To answer all the questions surrounding the effect various microorganisms that reside in our respiratory system have on us, researchers at the University of Michigan Medical School are studying these bacterial colonies at close quarters.
By analyzing how the bacterial communities in healthy individuals differ from those in diseased individuals, the researchers hope to find new avenues to help stop and even fight lung infections.
The U-M team has found a pattern that might bring fresh insight into lung infections. According to their findings, a harmful “feedback loop” could be the cause of the explosive onset of bacterial lung infections. The molecules that our cells make as distress signals in response to the bacteria, are actually accelerating the growth of certain bacteria.
The research team was the first to question how these “distress signals” affect bacterial communities in the lungs.
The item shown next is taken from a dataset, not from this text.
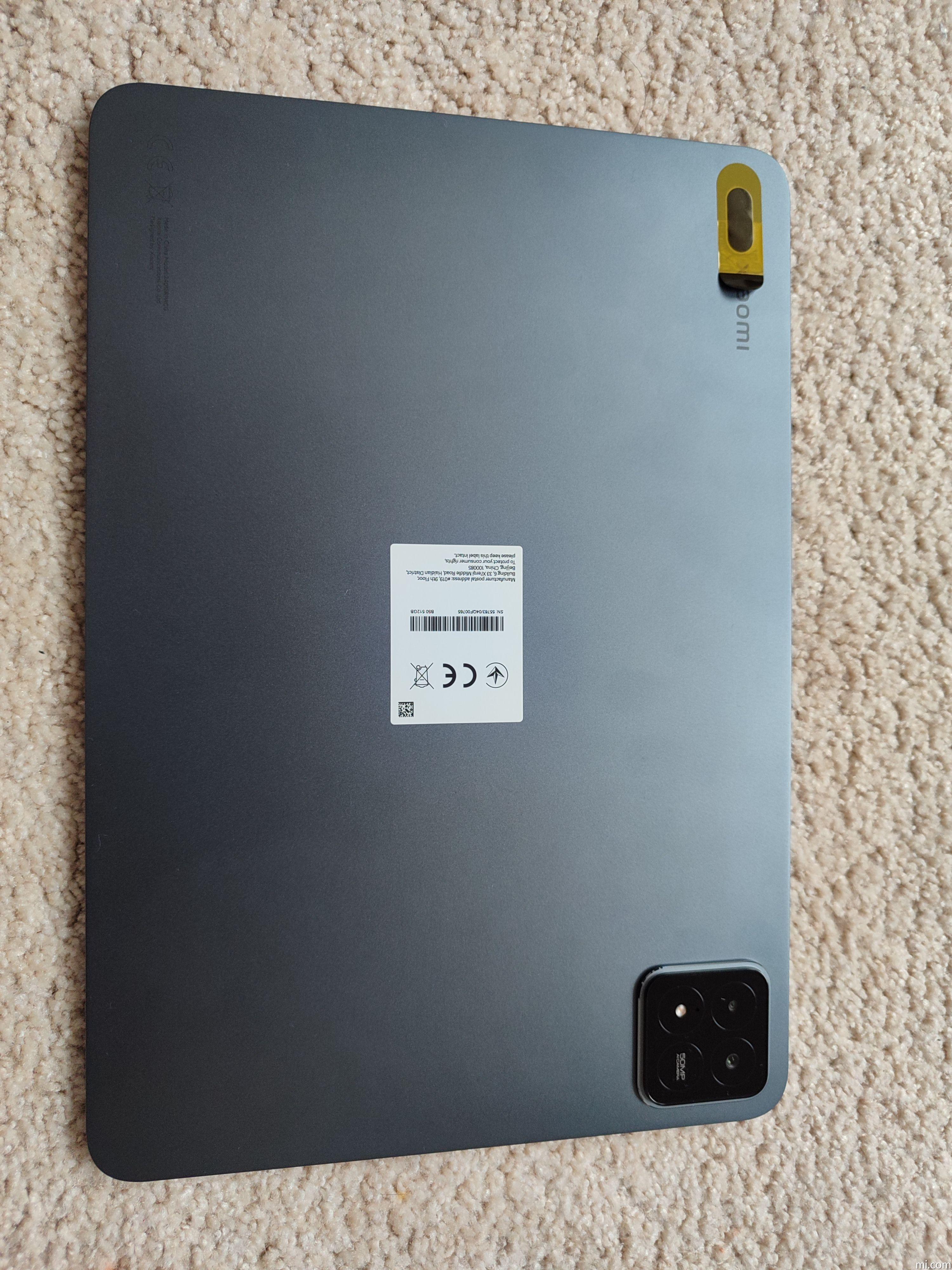 Xiaomi Pad 6S Pro 12.4 Graphite Grayオマケ有 Xiaomi Pad 6S Pro 12.4 - Xiaomi UK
They found that the stress molecules, called catecholamines, are one part of the body’s primary response to injury and/or stress. Earlier studies show that some bacteria grow faster when exposed to these molecules, but until now no animal or human study has determined whether the molecules are related to changes in the respiratory microbiome.
In the current study, the researchers took samples from 40 lung transplant patients in various states of health. Close analysis by the team revealed that the bacterial colonies had collapsed in the lungs of people with respiratory infections. They also found the collapse was strongly associated with high levels of catecholamines in the lung.
According to Robert Dickson, MD, lead author of several of the new papers, and an assistant professor of internal medicine, it’s a vicious cycle. The production of catecholamine is our immune system’s response to infection. These catecholamines make certain harmful bacteria grow rapidly. The end result – more inflammation and stress signaling.
Until recently, the popular school of thought was that healthy lungs are free of bacteria – microscopic organisms found only in infected lungs. But now, thanks to research led by Dickson and U-M microbiologist Gary Huffnagle, Ph.D., there is a clear shift in thinking with the pulmonary microbiome getting as much importance as the gastric microbiome.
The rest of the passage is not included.